Five students in China have been jailed for taking advantage of a loophole in KFC’s online ordering systems to get free meals and resell them for profits.
The students were recently sentenced to up to two and a half years in prison for swindling KFC out of more than $30,000 worth of food, Chinese news outlet Thepaper.cn reported on Tuesday, citing the Xuhui district court in Shanghai.
A 23-year-old university student surnamed Xu first spotted the loophole in April 2018. He accidentally found out that he could get free food by paying for food using coupons in one KFC app and seeking a refund of the coupons immediately using another app.
Since then, Xu had been getting free food at KFC for himself and reselling the coupons online, according to the report.
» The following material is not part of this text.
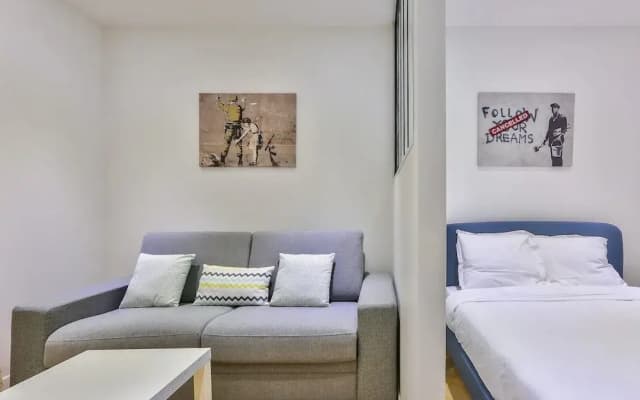 Cosy Apartment - 1br/4p - Sentier / Grand Rex - photo 2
He also reportedly shared knowledge about the apps’ flaws with four of his schoolmates.
From April to October that year, the free food Xu ordered cost KFC about $9,000, and the other four students each caused losses ranging from $1,400 to $7,300 to the company, the court said.
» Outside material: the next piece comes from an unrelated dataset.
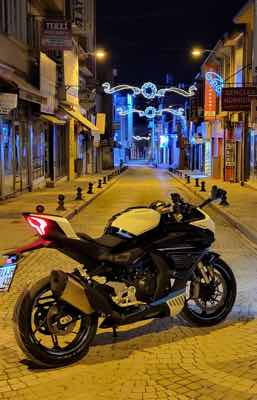 CFmoto 450sr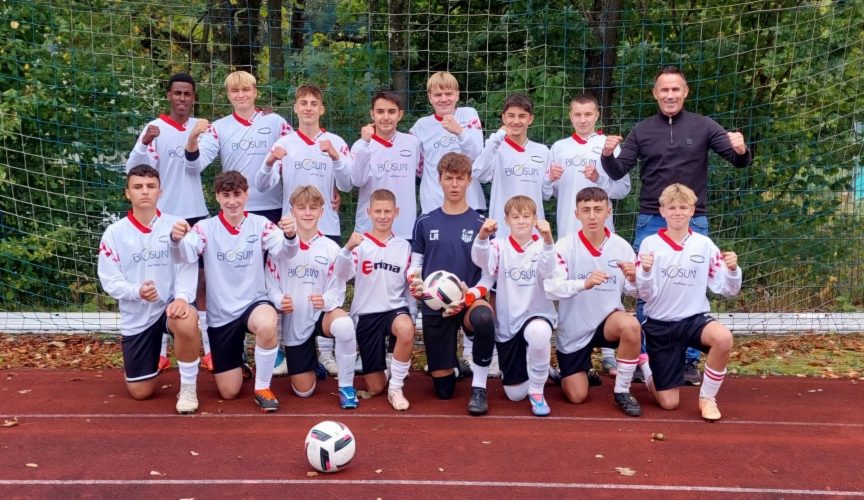 JGS Fußballmannschaft U18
The court ruled that the five had committed fraud and the crime of imparting criminal methods by taking advantage of the data mismatch in KFC’s ordering systems.
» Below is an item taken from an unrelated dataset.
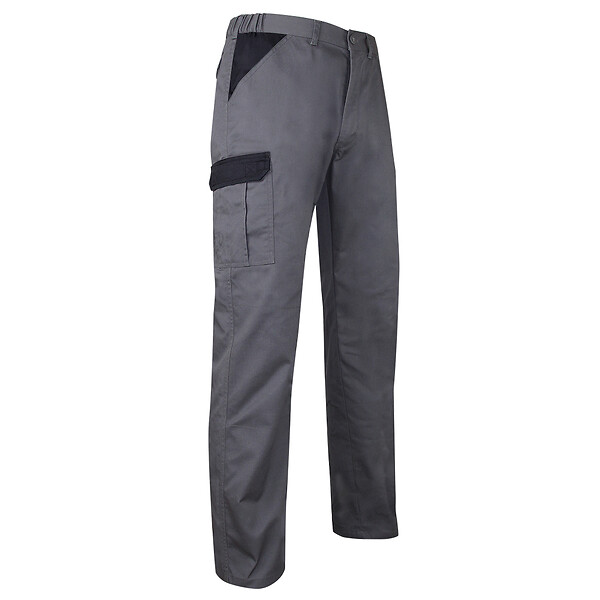LMA - Perceuse pantal. gris t48 - large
They received prison terms ranging from 15 to 30 months, and were ordered to pay fines ranging from $155 to $930.
Responding to trending reports about the case, some internet users say the sentences levied on the students were too harsh, arguing that KFC’s online ordering gaps should be blamed.
KFC is one of the most popular fast-food chains in China. The brand has more than 7,000 stores in China, compared with about 4,000 in the United States.